Wow, I hope that guy had at least KNOWN you for a little while before asking you to move in, although even so, that is definitely jumping the gun to ask before your first date! I don’t remember how long into the relationship my ex and I were when he seemed to be asking me to move in, but I’d say fairly early, because I don’t think I’d seen many, if any, red flags at that point. And I say “seemed to be asking” because although I don’t remember his exact words, I remember the gist seemed to be that he was asking me to move in with him (which took me by surprise, because I didn’t think he would be okay with that either). When I said I couldn’t do that, he said that wasn’t what he meant. When I asked what he WAS saying, he sheepishly said he didn’t know. I now think that was a lie…he was probably afraid he had just made a bad impression on me (it wasn’t a deal breaker just for asking, but it did give me a little concern).
The marriage talk also began fairly early. Don’t remember how it first came up, but he told me on several occasions that he knew I was “the one” from the moment he first SAW me — not met me, but saw me. I was flattered and got swept away by it all at first and was going along with all the marriage talk, but time wore on, and there was no proposal (which I am now thankful for). We had started having problems, and they were, of course, my fault, so he felt less sure…until we reconciled four months later and suddenly, he was pushing me to get out of my verbal commitment to my roommate early so we could get married in less than a year.
I have a theory about the rush to get married…not scientifically supported, but I have to wonder if they are so scared of you seeing who they really are after too much time passes, and leaving…if you marry them right away when they still seem like Prince Charming, then you are more trapped, and it’s harder to get away when you realize the truth.
He had just met me at work. He knew me for 2 hours. I like your theory.
OK, I say again, Wow! Two hours? I’m speechless. That’s just unbelievable. And thank you. : )
Here is a Relationship Checklist of warning signs, adapted from High Risk: Children without a Conscience> by Ken Magid.
Wow! First time I read this post. It is so very ‘spot on’ to many of the behaviors of my N ex boyfriend. I’d had little dating experience which I am sure made me doubly attractive. His favorite ploy was to ask me to make a decision(where to eat,what to do)then tell me he didn’t like the restaurant or activity so we’d do what he wanted . When I finally gave up(why bother?!?) and let him make all the decisions he told me I “frustrated” him and became very intimidating, loud and angry. I COULD NOT’ WIN’ NO MATTER WHAT I DID. I wish I’d known about narcissists then-it would have saved me a lot of pain and$$$.So glad I know now and I have this site to refresh my memory and quit blaming myself for his actions!
I’m glad for you, too, HDG. And I am also familiar with the “can’t win” situation. Talk about frustrating!

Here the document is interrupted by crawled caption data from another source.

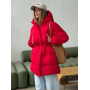 Червоний подовжений зимовий пуховик на кулісці  Червоний подовжений зимовий пуховик на кулісці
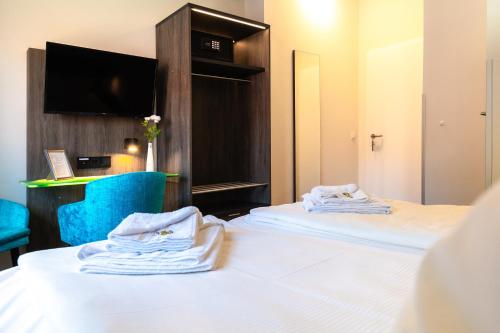 Postel nebo postele na pokoji v ubytování B M Hotel im Ludwig- Harms- Haus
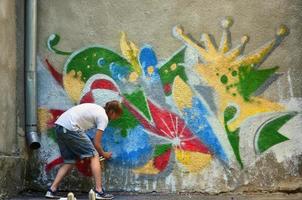 Photo of a young guy in denim shorts and a white shirt. The guy draws on the graffiti wall a drawing with aerosol paints of various colors. The concept of hooliganism and damage to property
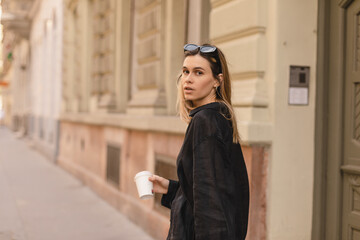 Calm beautiful stylish woman having good fashion clothes walking on street and holding some coffee in cup takeaway with good summer mood. Girl look happy, turn around, turn back or spinning.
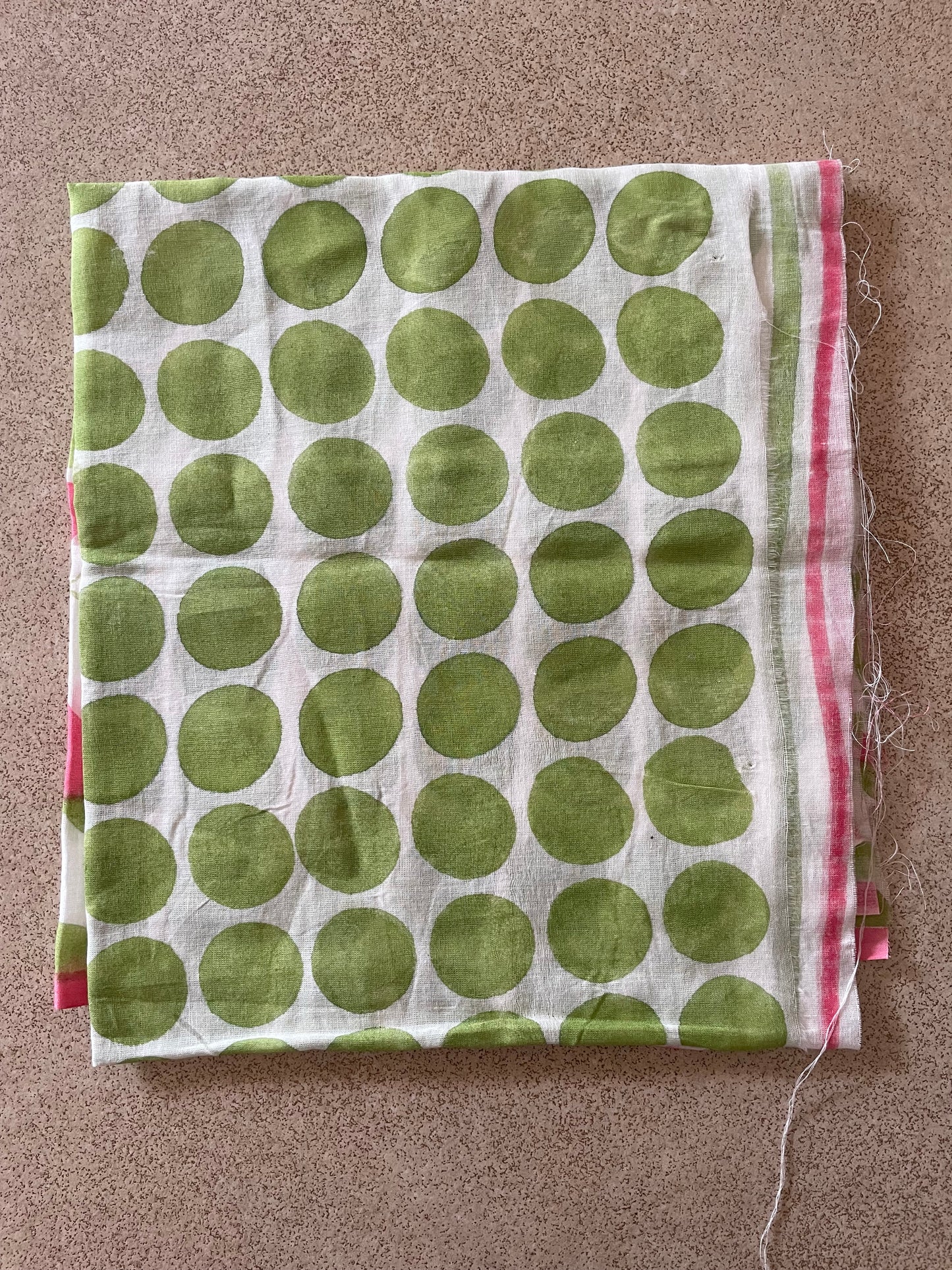 Mogasu blouse piece with green polka dots on a brown background.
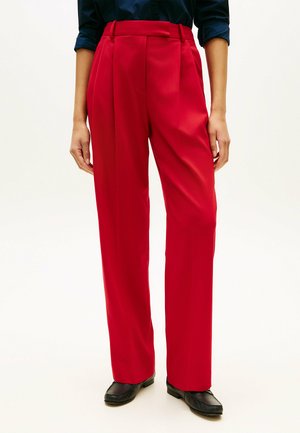 Person iført højttaljede, røde bukser med vide ben og folder, kombineret med en mørkeblå skjorte og sorte loafers, stående på en hvid baggrund.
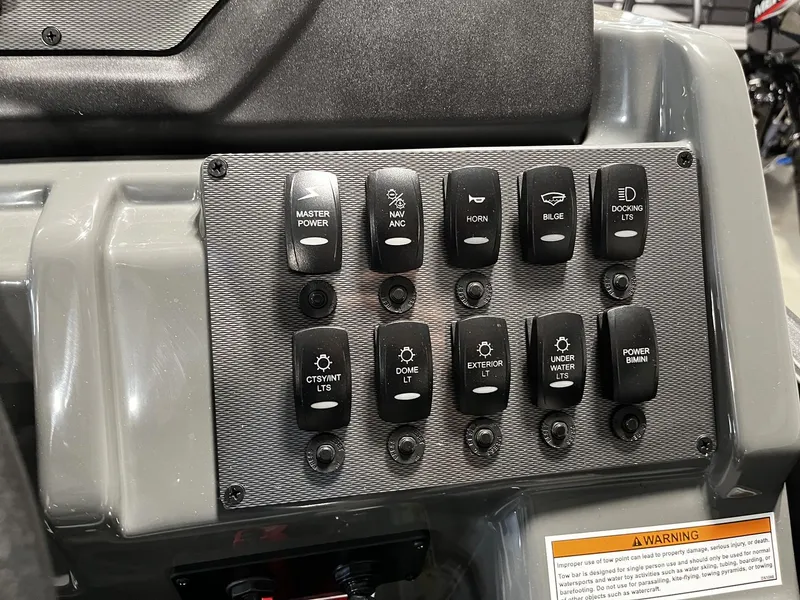 Slide: The Image of Control panel with various switches for boat functions, including lighting and anchor control. - 13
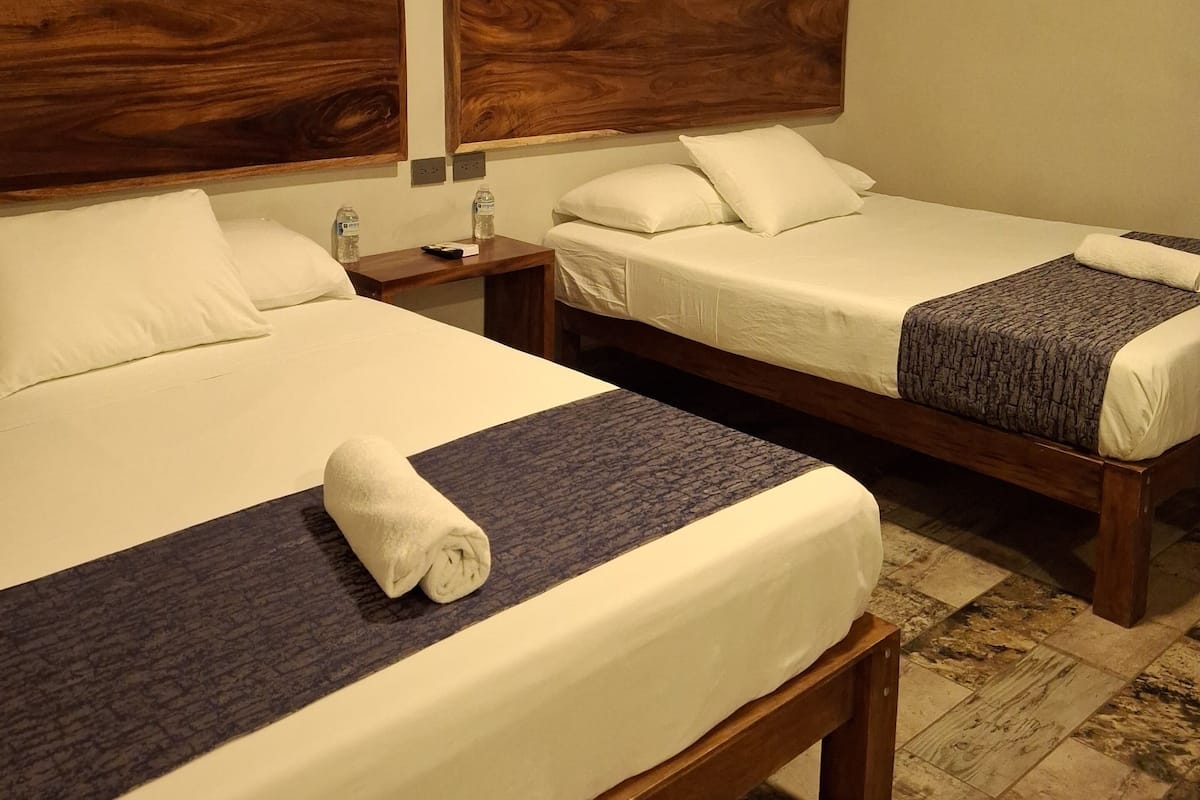 Habitación de hotel con dos camas, cabeceros de madera, ropa de cama blanca y una mesita de noche con una botella y un control remoto.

I don’t know about dating Ns personally, but have watched my parents’ relationship. As a small child I was puzzled by my mom’s lack of logic, ( my dad had some)….but could also see that he wasn’t really giving her a choice.( Restaurant comes to mind immediately!) Later I could see how that was pressurizing her and making her Look and Feel even more indecisive and silly.
You are both totally right HDG and Cecilia K ! It has always been a “no win” situation. I do think some Ns keep up relationships, but it’s not because of Their efforts.
It might be more comfortable if the Ns are smart enough to figure out how healthy people expect them to act. How can they actually have a truly healthy relationship, only a copy or set of rules? Or, maybe it’s just a super shallow version. Anyway, it’s never appealing to be part of a one sided intimidation or take over.
My parents seem quite happy , but I can see where this has stunted both of them in Personal growth and in understanding real love towards others. Caring, respect, thoughtfulness is where I see Love starting. Ns look as if they have to base a long term relationship on something else, like a Cause or Criticism.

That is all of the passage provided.